While reflection and self-evaluation are an important part of Rosh Hashanah, I don’t think our tradition intended it to be a time of despair.

The Torah has various lists of the rules for Rosh Hashanah, but only one description of the people celebrating the holiday. It is found in the book of Ezra-Nehemiah. There was a year just after the people returned from the Babylonian Exile and wept on Rosh Hashanah. They heard the prophet Nehemiah reading the laws of the Torah, and realized that they had not followed these commandments of God.  Nehemiah then steps forward and advises the people to stop their weeping and be comforted. Instead of mourning, they should enjoy a festive meal and share their bounty with those in need. He concludes: “This day is holy to the Eternal One: do not be sad, for the joy of the Eternal is your strength.”

This week’s Torah portion begins with the words: “You shall appoint judges and officers in all your gates.” Then it continues, “They shall judge the people with justice.” Every year we read these words during the month of Elul, the month of preparation for the High Holy Days. Perhaps these words are not just to tell us about what happened so many centuries ago in ancient Israel but are also to guide us in the little courtroom scene within our hearts, as we make judgments about ourselves at this time of year.  What does it mean that these judgments should be done with justice?

Rabbi Levi Yizchak of Berdichev, one of the most famous of the Hasidic rebbes, best known for his defense of the Jewish people, interpreted these words in a very positive manner. He insisted that justice meant seeing the best in everyone. He wrote: “That is to say that everyone should train himself to judge others justly, to regard each person positively and justly.” We should give others and ourselves, the benefit of the doubt, to judge as the rabbis of the Talmud taught lekaf zechut, on the side of merit.

Rabbi Amy Eilberg, who will be speaking at our congregation next week, explains Rebbe Levi Yizchak words as follows: “What a liberating and empowering view of teshuvah, the repentance process. This teaching does not emphasize harsh self-examination, breast beating or finding fault with our own tendencies toward sin. Rather, we are asked to imagine that our own acts of kindness, our sincere wishes for the well-being of others and the effort we put into finding and evoking the best in others, can actually affect our fate, both individually and collectively.”
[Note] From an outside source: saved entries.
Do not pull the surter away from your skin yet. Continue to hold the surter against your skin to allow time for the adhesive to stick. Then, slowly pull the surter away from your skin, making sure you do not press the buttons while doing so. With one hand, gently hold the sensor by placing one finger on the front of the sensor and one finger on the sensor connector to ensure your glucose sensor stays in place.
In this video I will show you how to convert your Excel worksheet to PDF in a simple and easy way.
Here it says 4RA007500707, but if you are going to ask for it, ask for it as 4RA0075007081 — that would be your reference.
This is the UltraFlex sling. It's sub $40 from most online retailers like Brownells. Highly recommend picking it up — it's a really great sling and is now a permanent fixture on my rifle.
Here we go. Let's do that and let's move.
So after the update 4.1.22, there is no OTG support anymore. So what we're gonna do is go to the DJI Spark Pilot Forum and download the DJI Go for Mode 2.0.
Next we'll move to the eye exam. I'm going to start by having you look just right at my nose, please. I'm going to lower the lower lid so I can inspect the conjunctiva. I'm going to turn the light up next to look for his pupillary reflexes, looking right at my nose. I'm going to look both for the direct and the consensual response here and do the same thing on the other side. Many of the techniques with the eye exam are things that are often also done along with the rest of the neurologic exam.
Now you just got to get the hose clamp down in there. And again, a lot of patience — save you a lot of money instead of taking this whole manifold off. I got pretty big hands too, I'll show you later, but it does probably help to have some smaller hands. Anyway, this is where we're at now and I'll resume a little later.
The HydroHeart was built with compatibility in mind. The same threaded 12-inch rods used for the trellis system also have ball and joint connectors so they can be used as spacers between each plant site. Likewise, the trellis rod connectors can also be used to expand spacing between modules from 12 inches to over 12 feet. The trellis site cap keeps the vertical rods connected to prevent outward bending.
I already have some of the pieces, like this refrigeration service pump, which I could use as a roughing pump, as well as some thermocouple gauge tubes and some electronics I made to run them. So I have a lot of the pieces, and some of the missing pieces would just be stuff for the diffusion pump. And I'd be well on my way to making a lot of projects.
The month of Elul which began this past Wednesday is known in our tradition as a time of favor. The month is associated with loving relationships- its letters are the first letters in the phrase I am my beloved and my beloved is mine. It is a time when we can be more open, more receptive, more in touch with our own longings to live a righteous life and to connect with others. When we identify those ways we have missed the mark in the past year, it is not to dwell on our inadequacies or to seek out punishments for ourselves, but instead to feel in ourselves that sense of hope that comes from fresh beginnings.

Some years I comment at services about the very happy melodies that have been traditional for centuries for the list of our sins on Yom Kippur. Shouldn’t these lists  be sung as dirges?  Sad, slow and melancholy? But our tradition says no- this internal housekeeping is not about blame and shame, but about the positive satisfaction in identifying and removing that which keeps us from being our best selves. The exercise is forward looking and not backward dwelling.

This is one case in which the gastronomic Jews are on the right tract. The honey cake that we bake for the new year, and the taiglach, that some of you from Ashkenazi backgrounds or from the east coast may remember- that sweetness is meant to be the association for this time of year.  Our New Year is not wild and raucous , like the American New Years, or like our Purim,  but it is meant to be a time of joy.  Believeing that we can continue to grow in goodness throughout our lives and that changes in ourselves can lead to positive changes in our world can be a source of joy.As Nehemiah reminded the ancient people of Israel so many years ago: “This day is holy to the Eternal One: do not be sad, for the joy of the Eternal is your strength.”